They scuttle, peck, scuttle, peck, then they dash up the shoreline, dodging waves, heads down, concentrating. What are they doing? They're "looking for something, something, something," writes the poet Elisabeth Bishop.
Sandpipers are the busiest folks on the beach because their food is hard to see and is coming and going in sloshfuls. It's delivered by waves landing on the beach. It's served on sand grains. As soon as these microscopic insects, copepods, ostracods, nematodes, protozoa, gastrotrichs and tardigrades slide in from the sea, after a very brief pause, hanging onto a bit of sand, they drain away into the mud, or back to the ocean. No wonder sandpipers always look frantic. "Poor bird, he is obsessed," Bishop writes in her wonderful poem "The Sandpiper." Imagine a dinner where each course gets whipped away before you can find it.
I just spent the last few days in the company of a hard-running gang of beach sandpipers, and reading Bishop's poem, she describes these birds as if she's one of them. Poets, like scientists, give living things intimate attention (and if you don't like poetry, I'm adding a video version that lets you see, line by line, what Bishop was talking about, shot through some imaginary binoculars, showing these crazy little shorebirds dashing beside the "roaring" ocean.
The Sandpiper
The roaring alongside he takes for granted,
and that every so often the world is bound to shake.
He runs, he runs to the south, finical, awkward,
in a state of controlled panic, a student of Blake.
The beach hisses like fat. On his left, a sheet
of interrupting water comes and goes
and glazes over his dark and brittle feet.
He runs, he runs straight through it, watching his toes.
- Watching, rather, the spaces of sand between them
where (no detail too small) the Atlantic drains
rapidly backwards and downwards. As he runs,
he stares at the dragging grains.
The world is a mist. And then the world is
minute and vast and clear. The tide
is higher or lower. He couldn't tell you which.
His beak is focused; he is preoccupied,
looking for something, something, something.
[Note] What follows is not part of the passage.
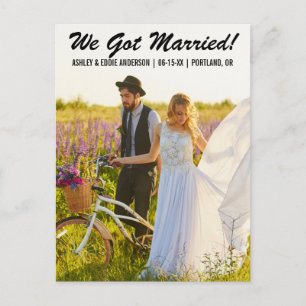 We got married elopement announcement postcard B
Poor bird, he is obsessed!
The millions of grains are black, white, tan, and gray
mixed with quartz grains, rose and amethyst.
The video version:
The video comes from filmmaker and Ithaca College professor John Scott; it's a draft, to be used in a full length documentary about Elizabeth Bishop. The original poem was written in 1956, and comes from Elizabeth Bishop: The Complete Poems, 1927-1979. The reference to "Blake" refers to the poet William Blake who wrote the classic lines — applicable, I suppose, to a hungry little bird looking for sustenance from beach sand — about seeing "a world in a grain of sand, And a heaven in a wild flower."